The procedure depends on a new service function,
''Tcl_ListObjSetElement'':

|int
|Tcl_ListObjSetElement( interp, listPtr, index, valuePtr )
|    Tcl_Interp* interp;         /* Tcl interpreter; used for error reporting
|                                 * if not NULL */
|    Tcl_Obj* listPtr;           /* List object in which element should be
|                                 * stored */
|    int index;                  /* Index of element to store */
|    Tcl_Obj* valuePtr;          /* Tcl object to store in the designated
|                                 * list element */
|{
|    int result;                 /* Return value from this function */
|    List* listRepPtr;           /* Internal representation of the list
|                                 * being modified */
|    Tcl_Obj** elemPtrs;         /* Pointers to elements of the list */
|    int elemCount;              /* Number of elements in the list */
|
|    /* Ensure that the listPtr parameter designates an unshared list */
|
|    if ( Tcl_IsShared( listPtr ) ) {
|        panic( "Tcl_ListObjSetElement called with shared object" );
|    }
|    if ( listPtr->typePtr != &tclListType ) {
|        result = SetListFromAny( interp, listPtr );
|        if ( result != TCL_OK ) {
|            return result;
|        }
|    }
|    listRepPtr = (List*) listPtr->internalRep.otherValuePtr;
|    elemPtrs = listRepPtr->elements;
|    elemCount = listRepPtr->elemCount;
|
|    /* Ensure that the index is in bounds */
|
|    if ( index < 0 || index >= elemCount ) {
|        if ( interp != NULL ) {
|            Tcl_SetObjResult( interp,
|                              Tcl_NewStringObj( "list index out of range",
|                                                -1 ) );
|            return TCL_ERROR;
|        }
|    }
|
|    /* Add a reference to the new list element */
|
|    Tcl_IncrRefCount( valuePtr );
|
|    /* Remove a reference from the old list element */
|
|    Tcl_DecrRefCount( elemPtrs[ index ] );
|
|    /* Stash the new object in the list */
|
|    elemPtrs[ index ] = valuePtr;
|
|    /* Invalidate and free any old string representation */
|
|    Tcl_InvalidateStringRep( listPtr );
|
|    return TCL_OK;
|    
|}

Even without bytecode compilation, the performance improvement of
array-based applications that can be achieved by the ''lset'' command
is substantial.  The following table shows run times in microseconds
(on a 550 MHz Pentium III laptop, running a modified Tcl 8.4 on
Windows NT 4.0, Service Pack #6) of the three implementations of
''shuffle'' that appear in this TIP.

|                    RUN TIMES IN MICROSECONDS
|
|                                Version
|                     shuffle1       shuffle1a       shuffle1b
|                     (Naive)      (K combinator)  (lset command)
| List length
|        1                 26               32              27            
|       10                108              152             101
|      100               1627             1462             936
|     1000             117831            14789            9574
|    10000       Test stopped           152853           96912

Similar (30-50%) improvements are observed on many of the array
related benchmarks that have been proposed.  Bytecode compilation is
expected to produce even greater improvements.

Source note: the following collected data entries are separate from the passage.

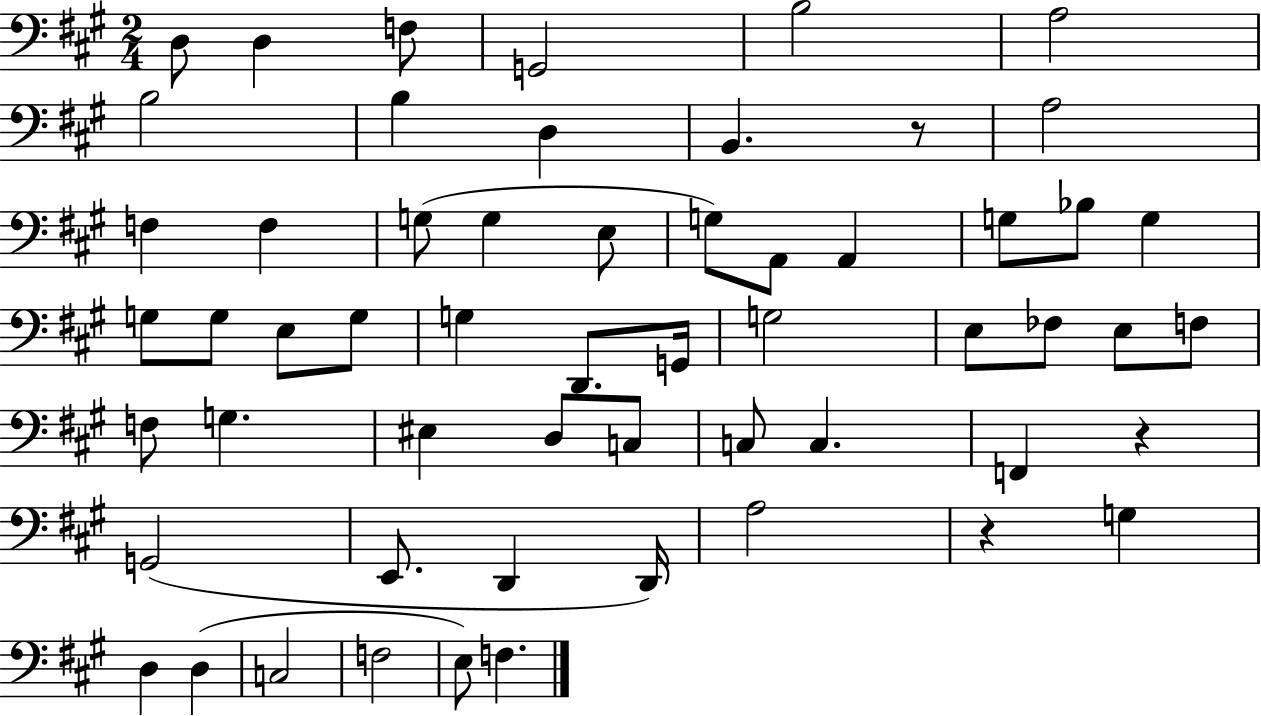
{
  \clef bass
  \numericTimeSignature
  \time 2/4
  \key a \major
  d8 d4 f8 | g,2 | b2 | a2 | \break b2 | b4 d4 | b,4. r8 | a2 | \break f4 f4 | g8( g4 e8 | g8) a,8 a,4 | g8 bes8 g4 | \break g8 g8 e8 g8 | g4 d,8. g,16 | g2 | e8 fes8 e8 f8 | \break f8 g4. | eis4 d8 c8 | c8 c4. | f,4 r4 | \break g,2( | e,8. d,4 d,16) | a2 | r4 g4 | \break d4 d4( | c2 | f2 | e8) f4. | \break \bar "|."
}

Another area where ''lset'' can achieve a major performance gain is in
memory usage.  The author of this TIP has benchmarked competing
implementations of heapsort, one using Tcl arrays, and the other using
''lset'' to manipulate lists as linear arrays.  When sorting 80000
elements, the Tcl-array-based implementation used 12.7 megabytes of
memory; the list-based implementation was faster and used only 5.6
megabytes.  The explanation is simple: each entry in the hash table
requires an allocated block of twenty bytes of memory, plus the space
required for the hash key.  The hash key is a string, and requires at
least six bytes.  When both of these objects are aligned and padded
with the overheads imposed by ''ckalloc'', they require about 80 bytes of
memory on the Windows NT platform.  The memory cost of an element of a
Tcl list, by comparison, is four bytes to hold the pointer to the
object.

~ Discussion

There are several objections that can be foreseen to this proposal.

   * ''Why implement the command in the Core and not as an extension?''

   > In a word, ''performance.''  At the present state of Tcl
     development, only Core commands can be bytecoded.  The cost of
     the hash table lookups in the ''Tcl_ObjGetVar2'' and
     ''Tcl_ObjSetVar2'' calls is significant, and can be eliminated
     from many common usages by the bytecode compiler.  Since this
     command is likely to appear in inner loops, it is important to
     squeeze every bit of possible performance out of it.

   * ''Why a new command in the global namespace?''

   > The author of this TIP feels that having a single added command
     that is parallel to the existing list commands is not polluting
     the namespace excessively.  It would be a shame if this proposal
     founders upon the Naming of Names.

   * ''Why a new command, rather than including this functionality in
     the proposed functionality of an extensible command for list
     manipulation?''

   > The author of this TIP has yet to see a formal proposal of any
     extensible list manipulation command; the closest thing appears
     to be Andreas Kupries's ''listx'' package
     [http://www.oche.de/~akupries/tcltk.html].  Given the size and
     complexity of any such modification, it is unlikely that it will
     be available in the Core in time for an 8.4 release.  The
     performance improvements achievable by the ''lset'' command are
     needed urgently.

   * ''Isn't this [29] warmed over?''

   > Several objectors to [29] indicated that they were willing to
     consider list element assignment implemented as a new command.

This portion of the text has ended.